The tribunal has ruled that the worker was stripped of managerial duties, threatened and put under pressure because she refused to cooperate with her employer’s “illegal” actions.
In an anonymised decision, it has upheld her complaint under the Protected Disclosures Act 2014 against the unidentified operator of a convenience store, where she worked for more than a decade.
The employee, Ms A, told the WRC that that having managed the shop since 2023 she found her job was reduced to “mainly packing shelves” at the time of a hearing last month.
In March 2023, the employee said, the company had transferred another employee, Ms E, from a shop it was closing, and appointed the woman store manager in May that year, the complainant said.
One of the directors of the limited company operating the store, Ms D, denied that the complainant was being “demoted” but told her to “get behind” the new manager, the employee told the WRC.
When the complainant asked for the changes to be set out in writing, Ms D told her that the other director, Mr D, was not prepared to “put anything in writing”, the complainant said in her evidence.
In June 2023, Ms A said that Ms E “abused” her for calling a maintenance service to have a fridge repaired and two days later shouted at her “in front of staff and customers” for ordering in crisps.
Ms A had been getting €760 gross weekly wages, amounting to take-home pay of €600 a week up to September 2023, the WRC was told.
However, Mr D told Ms A on 7 September that year that he would change her gross pay to €350 and pay her €250 in cash each week, the worker said.
On Friday 22 September 2023, Ms A said she received €237 from a separate bank account to the one her employer normally used for payroll. She told the WRC she contacted the Revenue Commissioners about this and was advised to return the money and ask that it be processed through payroll – eventually handing it back in cash to Ms D, she said.
After this Mr D told them the business “couldn’t sustain their wages”, Ms A said. He agreed to put the balance through payroll in the first week of October, but told them: “There will be consequences,” the complainant added.

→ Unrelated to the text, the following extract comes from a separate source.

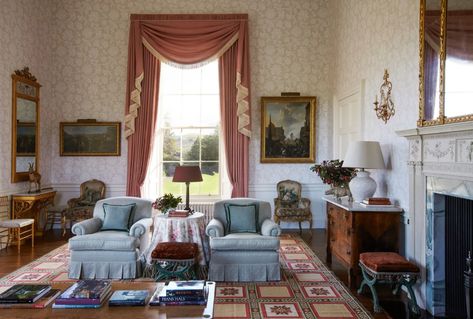 Moving Countries, Scottish House, Ancient Houses, British Interior, Dutch Furniture, Family Kitchen, English Country House, Moving House, House Garden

Later, Ms A said, her hours were changed from a 6am start to 7am, leaving her “under pressure every morning” because she had less time to prepare the shop to open up. She told the WRC she had been “humiliated” by being stripped of her duties as a manager and that she felt “intimidated” because of the way her employer and the new manager were treating her.
In her summary of Ms A’s evidence, WRC adjudicator Catherine Byrne recorded: “Mr D doesn’t speak to her now and that he just stands and stares at her. She said that she assumes he is trying to intimidate her.”
Ms Byrne noted that the employer had looked for an adjournment when the case was called on at the WRC, which was refused. The complaint was heard in the absence of the employer.
The adjudicator said Ms A’s evidence had been “credible” and that the employee was suffering a detriment “because she refused to co-operate with her employer and [because] she reported a breach of the tax code to the Revenue Commissioners”.
Upholding the whistleblower penalisation complaint, Ms Byrne wrote: “Every employer knows that paying wages ‘under the counter’ is an offence…
“The respondent told the complainant that his business couldn’t sustain her full wages and that there would be ‘consequences’ for her refusal to cooperate.
“I am satisfied that by telling her there would be consequences for her refusal to co-operate, the respondent threatened the complainant,” Ms Byrne wrote.
Setting compensation of €40,000 – a year’s pay – for the breach of the Protected Disclosures Act, Ms Byrne noted the law was “intended to be a deterrent to employers from taking retaliatory action” and that this was reflected in the award.
She added that Mr D had been obliged by law to give written notice of his intention to pay Ms A partly in cash.
“As what he was proposing was illegal, I accept that it was unlikely that he would confirm the change in writing,” Ms Byrne wrote. She awarded four weeks’ pay, €3,040, for a breach of the Terms of Employment (Information) Act, and gave a compliance direction.
The adjudicator also found the employer in breach of the Payment of Wages Act 1991 because payroll errors linked to the move to pay cash wages between September 2023 and January 2024 had left the employee out of pocket by €581.30 and directed payment of this sum.
The total awarded to the worker in the case was €43,621.30.